Tomoe segera pergi dari kamar setelah menyelimuti Nanami dengan selimut tebal. Nanami mencoba menstabilkan pernafasannya.
'Ah, andai saja kau tahu, Tomoe. Aku lebih ingin ditemani olehmu...'
Tak lama kemudian, seseorang datang.
Nanami mencoba mengetahui siapa yang datang dengan bangkit, tetapi tubuhnya ditahan supaya tetap berbaring.
"Jangan bangun. Makan dan minum obat dulu, baru aku mengompresmu, lalu tidurlah."
Tomoe? Bukankah Nanami memberi perintah untuk memanggilkan Onikiri dan Kotetsu?
"Lho? Bukannya Oni—"
"Kau tidak mau kalau aku yang mengurusmu?"
Nanami bungkam. Tomoe menyodorkan semangkuk bubur hangat.
"Apa kau terkena demam karena terlalu banyak berangin-angin di luar? Dasar ceroboh,"
"Hehe, maaf."
Nanami semakin takjub dan semakin tidak meragukan pengabdian diri Tomoe padanya.
Terlebih lagi, saat Nanami terlelap, Tomoe masih menjaganya dengan duduk di sampingnya.
.
.
.
Mungkin ini saat yang tepat untuk meminta maaf kepada Tomoe, pikir Nanami.
Sudah beberapa hari ini Nanami (dengan kedok) mengetes sejauh mana Tomoe masih setia padanya atau tidak.

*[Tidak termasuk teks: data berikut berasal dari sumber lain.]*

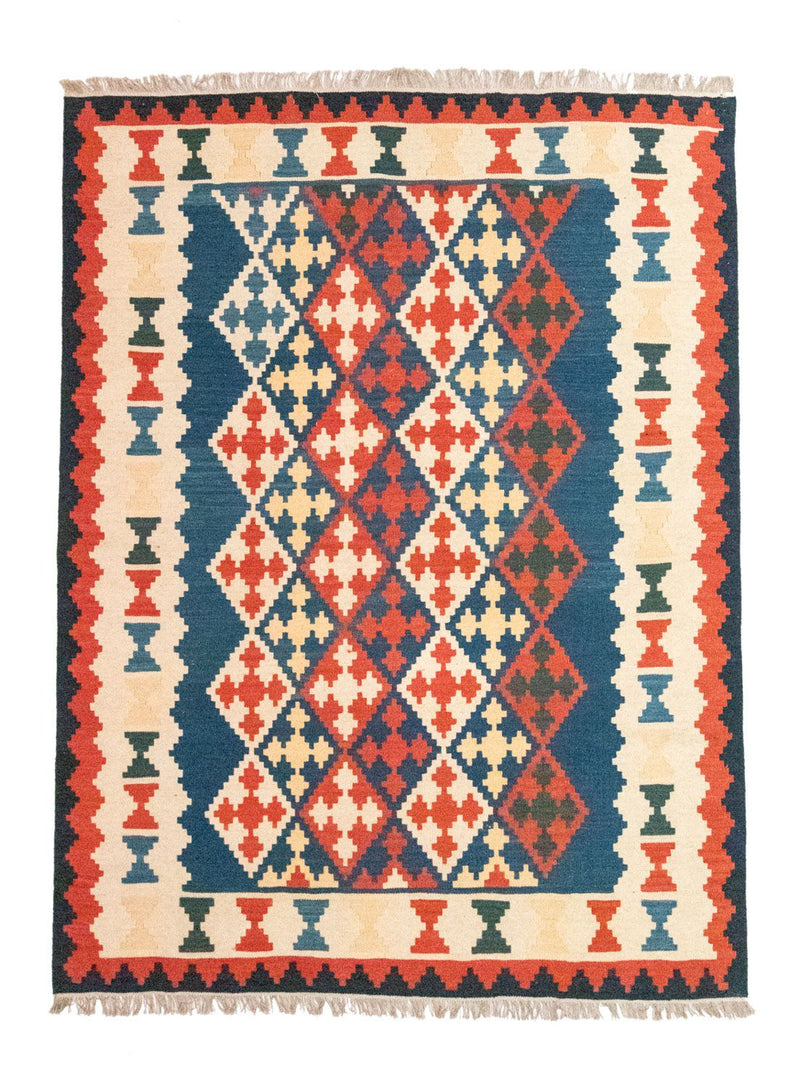 Kelim-tæppe - orientalsk - 240 x 185 cm - blå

Dan sekarang, mungkin seharusnya Nanami meminta maaf karena telah membuat Tomoe agak jengkel atas sikapnya.
Saat malam hari, ketika Tomoe duduk santai di teras halaman belakang, Nanami menghampirinya.
"Saljunya indah, ya," ucap Nanami basa-basi. Tomoe menyadari keberadaan Nanami.
"Kau tahu, aku paling suka memandang langit bersalju." Nanami tersenyum. Tomoe menoleh dan membalas senyuman Nanami.
"Ya, aku juga."
Nanami berdeham. "Kau tahu, Tomoe... Akhir-akhir ini aku sering membuatmu jengkel, bukan?"
Tomoe berpikir sejenak. "Hm? Akhir-akhir ini? Kurasa tidak, karena aku sudah terbiasa menghadapimu. Kau itu Dewa Tanah yang merepotkan."
"Ukh. Maaf, deh." Nanami meringis mendengarnya.
"Tapi itu tidak akan mengurangi tingkat pengabdianku padamu. Mikage sudah menyerahkan titel Dewa Tanah padamu. Mau tidak maupun aku harus mengurusimu, dan menjadi pelayanmu."
Nanami hanya tertawa renyah.
"Dan sekarang aku sudah terbiasa. Kata 'mau tidak mau' sudah tak membuatku terikat dengan Mikage. Aku menghormatimu selayaknya pelayan terhadap majikannya."
Nanami berhenti tertawa. Ia sedikit sedih mendengar kalimat Tomoe.
'Pelayan dan majikan, ya,'
Seandainya saja hubungan mereka lebih dari itu...
"Oh ya, Tomoe."
Nanami memberikan hasil rajutannya—syal, kepada Tomoe. "Maaf kalau tidak rapi. Ini hadiah untukmu."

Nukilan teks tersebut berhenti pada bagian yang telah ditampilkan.